Friday, May. 21, 1965

Self-Criticism at Cal

When things get sticky, the impulse of a board of governors is to "get a report." After last fall's student disorders at the University of California, the regents commissioned not one but two reports. The first, made last month by Regent Theodore Meyer and urging tightened student discipline, was a bit of a bomb; nobody objected violently or approved heartily. The second, released last week by investigators under Regent William Forbes, was a bit of a bombshell; it laid the university's troubles mostly on the regents and the administration and let the students off with a light knuckle-rapping.

The report was directed by Jerome C. Byrne, 39, a labor-law specialist and honors graduate of Harvard Law School, whose partnership in the respected Los Angeles law firm of Gibson, Dunn & Crutcher made him seem a sensible choice to investigate the eight months of unrest at Cal. But when Regent Chairman Edward Carter saw the report, he angrily called Byrne a "young, inexperienced guy, unaware of the pitfalls in a university administration." President Clark Kerr buttoned his lip, but was reported to be upset.

Mario Savio, the student chiefly responsible for the dustup, said: "It sounds like a great report." And Byrne won other support. Regent Buff Chandler called it "a good piece of research, well written, with many salient points." Her family newspaper, the Los Angeles Times, published all 85 pages. Governor Pat Brown called it "very thoughtful, very provocative, a good report." U.C.L.A.'s Chancellor Franklin Murphy agreed with its major points.

Bogged Down in Trivia. The report's basic assumption is that California's great university system has attracted "a substantial portion of the most highly trained, intelligent, curious and creative individuals in America." They are the main value of a university, in its role as a "continuing critic" of society. Many such individuals are bound to "pursue paths that the great majority of people regard as silly, dangerous or both." But "there is hardly a single example, either in America or elsewhere, of a distinguished university which has been directly responsible to popular opinion." Quite properly, the 16-year staggered terms of Cal's regents permit them to "remain comparatively aloof to the headlines, telephone calls and opinion polls."

Nevertheless, Byrne and his eight-man staff argue that the regents have failed to confine themselves to broad policymaking functions and have got bogged down in administrative trivia: "In a typical month of 1964, the President sent the regents 400 pages of complex material, running to several hundred thousand words." Moreover, the system has no clear delegation of authority or systematic code of laws: officials "constantly refer to university regulations which are difficult or impossible to find."

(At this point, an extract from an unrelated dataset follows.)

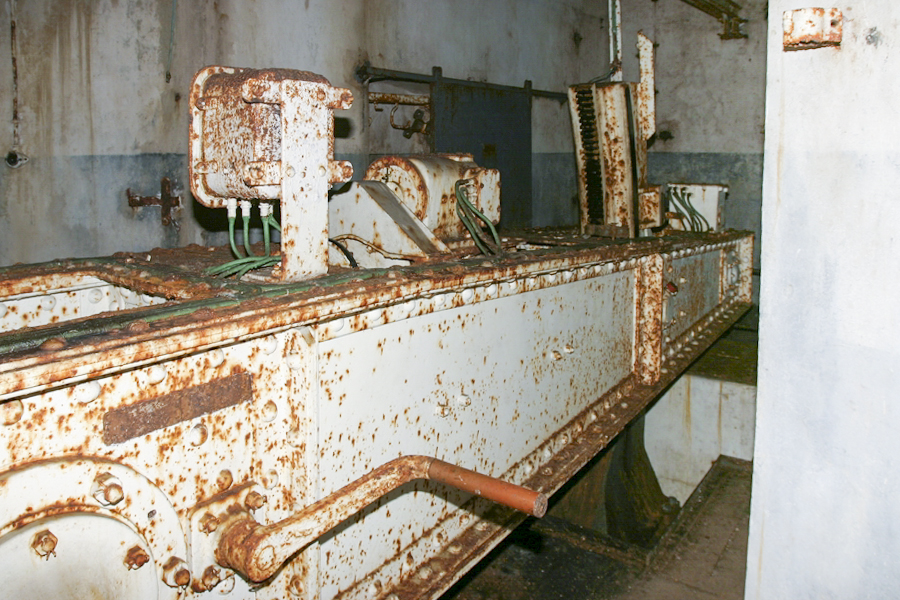 Ligne Maginot - SOETRICH - A11 - (Ouvrage d'artillerie) - Bloc 5
Etage inférieur - Le balancier de la tourelle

As for Cal's students, they feel isolated from the faculty, partly because "some faculty members take comparatively little interest in the quality of their performance in the classroom" since the teachers know that the administration judges them solely on their published work. Students "come to depend on one another for both intellectual stimulation and moral guidance." At the same time, "this generation of students acts from a dissatisfaction with the rate of change in American society." For some, "the opportunity to act in behalf of change is the essence of life itself." Although a few of the Free Speech Movement leaders "had close ties with the American Commu nist Party," there is "no evidence that F.S.M. was organized by the Communist Party, the Progressive Labor Movement or any other outside group." An elemental tragedy of the events of the fall was "the clear revelation of the deep mistrust of the young for their elders and the implicit denial of hope in one for the other."

Legislative Rumbles. The report recommended a sweeping reorganization of the university. Each of the university's nine branches would become autonomous, while regents would outline broad policies and let each chancellor operate his own campus within those guidelines. On each campus, both students and faculty would have full freedom to organize and to announce positions on any issues they considered important. The university president would confine himself to statewide university concerns--and be made chairman of the board of regents.

Regent Carter predicts that the Byrne report, for which the regents paid $75,000, "will have very little effect." Byrne says: "I'm not exactly sure how I'm going to fight for it, but I am going to." To add to all of the confusion, State Representative Jesse Unruh, speaker of the house, rumbles that the legislature might have to investigate Cal too.